I think it is really important to introduce them to new ingredients. It is easy to serve lamb or beef, but in the past year, we have served woodcock, snipe, grey partridge, pigeon, mallard, pochard, teal, grouse, golden plover, roe deer, muntjac, Chinese water deer, sika, hare and rabbit.”
All of this bodes well, of course, but Brett is quick to point out that we could and should be doing more. “We still have a long way to go,” he continues. “We definitely need to eat more pheasant and partridge and it is my belief that if the big estates are going to put down a lot of birds and shoot big bags, then it is their responsibility to ensure that those birds are properly utilised. Why aren't we making pheasant schnitzels and pheasant nuggets, for instance? Prepare game in a way that makes it appealing and easy for your average consumer. Game is cheap, lean, healthy and tasty.”
When asked what the estates can do, Brett doesn't hesitate. “They should all be serving game and venison for lunch. Places like East Allenheads in Northumberland, Raveningham in Norfolk and Well Barn in Berkshire always serve game and venison that has been shot on the estate – that's how it should be. But on so many other shoots it's beef or chicken pie. Why? If the estates aren't using their own pheasants or partridges, they can't expect others to. People who shoot game must eat game – end of story.”

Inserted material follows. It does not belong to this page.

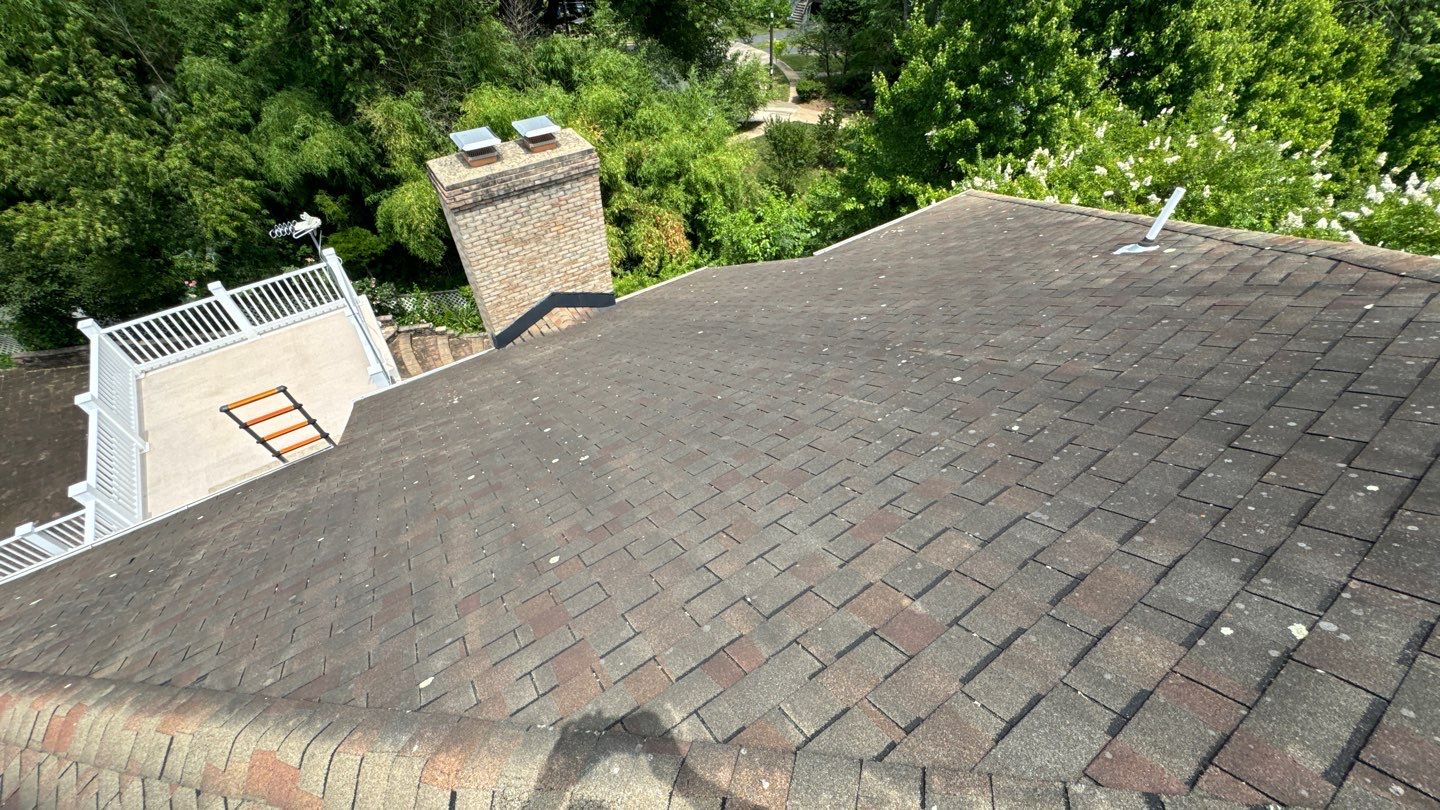 McLean: Residential Roof Installation with Landmark Pro Designer Shingles in Max Def Moire Black by RM Banning, Inc.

He doesn't stop there. “And estates should care more about what happens to their birds after they are shot. People like Jake Fiennes from Raveningham and Jamie Sadler from Kirby Estate set a great example, but, on the whole, there should be a better selection process of sorting and grading the birds: those with heavy meat damage should be put aside and donated to charities for mincing and turning into pheasant bolognaise, pheasant meatballs, nuggets or keeper's pie, and those prime birds in good condition should be sold whole to restaurants, hotels and pubs. That would make it a lot easier for chefs to achieve better consistency. If you up the quality, there will be a greater demand and you will be able to up the price, too.”
Clearly, Brett's ethical conscience and views weren't formed entirely on the inside of a kitchen – he has had plenty of exposure to the British countryside, and tries to spend as much of his spare time as possible out deer stalking and game shooting with friends. “I got into shooting in 2006,” he explains. “I was invited to a shoot for the release of a whisky by Ardbeg, and was sharing a peg with Mike Robinson – my partner at The Harwood Arms – who introduced me to stalking. And I loved it, absolutely loved it. We shot pheasants, partridges and duck, and I just adored the whole thing.
I haven't looked back since.
“What I really love about shooting is the social aspect, spending quality time with great friends like Alan Hayward (of Vicars Game), Mike Robinson, the late Justin Llewelyn, William Asprey, John Coe and Andrew MacKenzie from the Vineyard. For me, it has very little to do with the size of the bag but who you shoot with.” Indeed, Brett has since shot in some esteemed company. “I once shot grouse with Will Garfit,” he adds with a sheepish grin. “I'll admit now that I didn't know who he was at the time and thought to myself: 'This old boy better look out or I am going to have his birds!' Ha! What a joke! He was incredible. I saw him take a brace in front and brace behind on numerous occasions. He was an absolute joy to watch.”
This brings us to the ingredient that Brett is, possibly, most passionate about. “I absolutely love, love, love grouse, he says. “Right from August 12 through to the end of September, it is so hard to beat.” But are his customers as keen on it, I wonder? “You'll be pleased to know that grouse is as popular as ever! When I shot at Hornby on August 12 last year, I dropped some birds off with Tom Kerridge at The Hand and Flowers on the way back, who described them on his menu as ‘Grouse shot by Brett Graham'. They apparently sold out in two hours!” Clearly, not all is lost.